In the case in question, the claimant, a closed-end real estate fund in the form of a GbR (company under the German Civil Code), had demanded payment from the defendant of a shortfall in the dissolution balance sheet due to the defendant leaving the company. The claimant’s shareholders meeting had previously decided by a majority of more than 90 per cent that all shareholders should provide a restructuring contribution in the form of a capital reduction with a subsequent capital increase, and that any shareholder not providing this restructuring contribution should leave the company. The defendant had not consented to the decision and had refused to provide the required restructuring contribution.

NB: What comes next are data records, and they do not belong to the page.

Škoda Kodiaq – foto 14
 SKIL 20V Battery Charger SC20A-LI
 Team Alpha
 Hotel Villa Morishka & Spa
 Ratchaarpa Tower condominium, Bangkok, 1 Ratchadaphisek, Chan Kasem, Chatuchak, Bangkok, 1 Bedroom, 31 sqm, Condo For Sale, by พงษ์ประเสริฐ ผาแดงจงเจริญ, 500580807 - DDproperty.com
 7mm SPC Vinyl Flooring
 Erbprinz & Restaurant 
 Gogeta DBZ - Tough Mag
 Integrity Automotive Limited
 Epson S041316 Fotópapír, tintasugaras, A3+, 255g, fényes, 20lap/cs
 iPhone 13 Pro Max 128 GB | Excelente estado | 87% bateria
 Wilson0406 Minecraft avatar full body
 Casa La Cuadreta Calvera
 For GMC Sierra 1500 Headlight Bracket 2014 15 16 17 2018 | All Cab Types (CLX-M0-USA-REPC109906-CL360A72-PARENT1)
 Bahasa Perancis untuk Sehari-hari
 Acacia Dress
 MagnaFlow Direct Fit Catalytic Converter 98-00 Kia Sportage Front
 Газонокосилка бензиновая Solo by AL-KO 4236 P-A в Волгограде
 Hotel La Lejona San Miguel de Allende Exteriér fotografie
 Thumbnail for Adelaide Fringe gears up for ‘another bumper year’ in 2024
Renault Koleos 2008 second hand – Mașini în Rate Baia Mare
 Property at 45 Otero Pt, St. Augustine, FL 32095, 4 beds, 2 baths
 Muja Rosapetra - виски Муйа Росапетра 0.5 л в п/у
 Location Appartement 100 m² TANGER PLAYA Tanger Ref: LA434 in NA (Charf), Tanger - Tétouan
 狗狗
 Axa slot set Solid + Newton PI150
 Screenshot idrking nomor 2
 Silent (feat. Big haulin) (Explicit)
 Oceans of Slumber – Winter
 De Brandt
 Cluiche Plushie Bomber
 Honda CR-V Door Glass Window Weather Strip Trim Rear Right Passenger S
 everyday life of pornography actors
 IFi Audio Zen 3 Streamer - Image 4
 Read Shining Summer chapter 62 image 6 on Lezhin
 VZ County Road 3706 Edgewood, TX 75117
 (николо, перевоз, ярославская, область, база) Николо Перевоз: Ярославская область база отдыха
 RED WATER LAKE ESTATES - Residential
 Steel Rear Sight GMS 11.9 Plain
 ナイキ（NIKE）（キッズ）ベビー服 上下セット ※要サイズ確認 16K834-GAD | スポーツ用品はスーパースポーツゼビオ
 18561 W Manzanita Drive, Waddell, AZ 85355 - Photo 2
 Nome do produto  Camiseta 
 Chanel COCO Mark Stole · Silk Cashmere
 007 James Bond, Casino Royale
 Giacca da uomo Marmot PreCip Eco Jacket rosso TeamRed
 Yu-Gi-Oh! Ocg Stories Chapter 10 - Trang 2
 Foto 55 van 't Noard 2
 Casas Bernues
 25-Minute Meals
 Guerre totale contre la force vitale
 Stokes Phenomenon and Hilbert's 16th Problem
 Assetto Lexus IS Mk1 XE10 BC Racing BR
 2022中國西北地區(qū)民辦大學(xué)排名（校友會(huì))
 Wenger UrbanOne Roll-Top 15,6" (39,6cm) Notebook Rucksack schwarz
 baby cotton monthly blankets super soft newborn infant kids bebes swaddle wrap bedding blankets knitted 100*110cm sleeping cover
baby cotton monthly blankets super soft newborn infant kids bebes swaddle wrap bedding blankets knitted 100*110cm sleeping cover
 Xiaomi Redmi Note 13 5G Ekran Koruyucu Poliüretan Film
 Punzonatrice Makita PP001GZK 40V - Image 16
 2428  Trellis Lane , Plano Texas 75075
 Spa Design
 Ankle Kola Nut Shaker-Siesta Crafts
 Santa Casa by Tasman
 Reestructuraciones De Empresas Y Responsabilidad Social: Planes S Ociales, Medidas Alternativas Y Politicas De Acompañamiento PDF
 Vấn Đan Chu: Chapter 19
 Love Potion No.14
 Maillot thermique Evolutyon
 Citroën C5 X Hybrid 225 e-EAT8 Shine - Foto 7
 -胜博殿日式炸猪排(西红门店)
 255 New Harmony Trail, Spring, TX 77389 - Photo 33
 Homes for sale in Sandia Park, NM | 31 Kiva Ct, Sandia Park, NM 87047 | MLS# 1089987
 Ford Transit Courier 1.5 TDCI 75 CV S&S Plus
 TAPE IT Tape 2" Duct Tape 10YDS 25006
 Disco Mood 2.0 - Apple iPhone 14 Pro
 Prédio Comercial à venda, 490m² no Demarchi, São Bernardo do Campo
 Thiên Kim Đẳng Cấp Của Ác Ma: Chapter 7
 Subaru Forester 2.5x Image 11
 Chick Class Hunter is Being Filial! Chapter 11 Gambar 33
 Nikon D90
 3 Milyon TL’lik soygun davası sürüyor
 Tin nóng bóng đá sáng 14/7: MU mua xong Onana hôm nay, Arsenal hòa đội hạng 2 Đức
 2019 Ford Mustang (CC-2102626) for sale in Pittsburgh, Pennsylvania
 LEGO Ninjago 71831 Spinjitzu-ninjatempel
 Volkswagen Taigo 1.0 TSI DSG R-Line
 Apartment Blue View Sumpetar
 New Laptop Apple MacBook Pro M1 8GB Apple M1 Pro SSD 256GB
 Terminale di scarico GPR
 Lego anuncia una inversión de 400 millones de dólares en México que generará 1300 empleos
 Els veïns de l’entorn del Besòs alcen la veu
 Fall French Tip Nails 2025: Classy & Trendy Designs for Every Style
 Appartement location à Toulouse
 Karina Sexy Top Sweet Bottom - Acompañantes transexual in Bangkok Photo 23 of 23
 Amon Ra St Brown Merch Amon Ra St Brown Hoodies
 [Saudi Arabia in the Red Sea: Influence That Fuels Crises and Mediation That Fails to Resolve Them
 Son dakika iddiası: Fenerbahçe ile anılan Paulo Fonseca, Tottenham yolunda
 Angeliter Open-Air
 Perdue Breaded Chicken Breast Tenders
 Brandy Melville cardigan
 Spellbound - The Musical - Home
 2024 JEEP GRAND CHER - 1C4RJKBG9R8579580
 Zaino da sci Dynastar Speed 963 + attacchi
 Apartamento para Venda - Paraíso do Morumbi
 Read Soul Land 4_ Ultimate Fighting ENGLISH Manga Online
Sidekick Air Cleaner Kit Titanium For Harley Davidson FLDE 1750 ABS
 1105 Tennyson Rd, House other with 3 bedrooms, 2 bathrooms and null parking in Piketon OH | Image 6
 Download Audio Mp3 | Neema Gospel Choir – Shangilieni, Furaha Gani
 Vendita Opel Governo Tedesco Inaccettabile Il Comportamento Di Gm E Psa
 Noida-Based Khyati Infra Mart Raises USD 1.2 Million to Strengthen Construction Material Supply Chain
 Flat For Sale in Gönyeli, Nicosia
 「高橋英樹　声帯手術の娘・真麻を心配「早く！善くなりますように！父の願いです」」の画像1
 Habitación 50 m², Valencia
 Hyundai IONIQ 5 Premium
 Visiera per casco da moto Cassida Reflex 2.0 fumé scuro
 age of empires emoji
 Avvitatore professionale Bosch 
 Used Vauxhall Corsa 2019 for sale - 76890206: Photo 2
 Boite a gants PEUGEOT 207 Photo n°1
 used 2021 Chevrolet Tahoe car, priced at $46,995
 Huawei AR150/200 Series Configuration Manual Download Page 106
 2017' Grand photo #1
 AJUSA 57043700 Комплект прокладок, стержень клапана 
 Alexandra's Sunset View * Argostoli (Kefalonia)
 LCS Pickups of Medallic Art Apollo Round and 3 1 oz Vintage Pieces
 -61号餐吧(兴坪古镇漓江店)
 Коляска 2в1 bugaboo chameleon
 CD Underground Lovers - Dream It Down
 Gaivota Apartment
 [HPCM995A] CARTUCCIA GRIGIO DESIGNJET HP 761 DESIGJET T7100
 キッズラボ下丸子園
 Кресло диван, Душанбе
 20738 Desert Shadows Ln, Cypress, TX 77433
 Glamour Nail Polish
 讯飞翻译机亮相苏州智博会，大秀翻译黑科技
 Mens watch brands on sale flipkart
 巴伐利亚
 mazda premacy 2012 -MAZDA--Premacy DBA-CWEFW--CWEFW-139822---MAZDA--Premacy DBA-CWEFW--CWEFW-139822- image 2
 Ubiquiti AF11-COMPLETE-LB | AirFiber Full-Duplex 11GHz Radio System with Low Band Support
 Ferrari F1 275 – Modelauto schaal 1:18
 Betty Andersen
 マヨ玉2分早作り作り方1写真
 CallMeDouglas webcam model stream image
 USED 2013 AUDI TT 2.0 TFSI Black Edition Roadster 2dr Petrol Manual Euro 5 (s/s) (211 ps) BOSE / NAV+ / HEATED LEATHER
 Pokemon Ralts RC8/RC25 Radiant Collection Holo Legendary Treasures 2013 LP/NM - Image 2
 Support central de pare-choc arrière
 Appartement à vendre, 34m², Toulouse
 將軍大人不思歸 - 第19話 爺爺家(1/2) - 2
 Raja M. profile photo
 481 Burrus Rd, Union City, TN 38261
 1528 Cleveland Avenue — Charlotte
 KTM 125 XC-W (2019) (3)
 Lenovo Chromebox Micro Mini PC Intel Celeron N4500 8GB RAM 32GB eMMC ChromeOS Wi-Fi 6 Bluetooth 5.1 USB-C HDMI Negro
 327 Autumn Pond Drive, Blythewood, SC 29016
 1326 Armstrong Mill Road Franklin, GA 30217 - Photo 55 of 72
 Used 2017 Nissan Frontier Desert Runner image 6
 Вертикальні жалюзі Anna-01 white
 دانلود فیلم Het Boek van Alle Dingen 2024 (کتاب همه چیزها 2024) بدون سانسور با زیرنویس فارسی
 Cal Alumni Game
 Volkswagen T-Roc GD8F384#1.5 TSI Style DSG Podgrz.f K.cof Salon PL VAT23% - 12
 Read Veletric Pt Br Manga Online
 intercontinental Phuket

The background to this judgment is the question as to whether and under what circumstances it is possible to bind shareholders by a majority resolution, especially in relation to extensive cuts. A holdout problem may be created by dissenting shareholders, which can prevent a resolution being passed, particularly in restructuring situations where time is usually of the essence. The fact that the dissenting shareholders remain in the company and consequently benefit from the agreed restructuring measures is in conflict with the interests of shareholders who have contributed to the restructuring measures.
BGH draws on the “Restructure or exit” ruling from 2009
The BGH previously reached a fundamental judgment on this matter in 2009. According to the Court, loss of shareholder status due to a forced exit is only possible with the consent of the shareholder concerned. It stated that this consent could be provided by way of a clause inserted in the articles of association from the outset or added at a later date.
The Court held that a duty to consent was possible in cases where it is urgently necessary given due consideration to the existing corporate relationship or the existing legal relations between the shareholders, and where the shareholder can be reasonably expected to accept a change to the articles of association with due regard to his or her own interests. In the case in question, the shareholders unwilling to contribute were deemed not to have any superior interests that needed to be protected. These shareholders were not placed in a worse position by virtue of their exit, but were rather in a better position than if the company had been liquidated.
The issue of whether this duty of loyalty in a company arises from the contractual relationship between the shareholders or whether the actual effect on the financial interests of the other shareholders provides an obligation of consideration is disputed in the literature.
In its latest ruling, the BGH states that the articles of association form the basis for the duty of loyalty in a company and that they determine the scope and content of such duty. A duty of the shareholders to consent to their exit from the company under their duty of loyalty can also be possible without an express provision in the articles of association in exceptional cases, since this duty of loyalty is intrinsic to any shareholder relationship.
As such, the BGH relied solely on the contractual relationship between the shareholders for the purpose of establishing the duty of loyalty and did not deal with the arguments raised in the literature, meaning that the issue remains unresolved.
Summary: Duty of loyalty can establish a duty to consent
The practical outcome is that binding dissenting shareholders by way of a majority resolution is possible, even if this leads to them exiting the company in special situations. This is particularly relevant in restructuring scenarios and provides a welcome increase in legal certainty.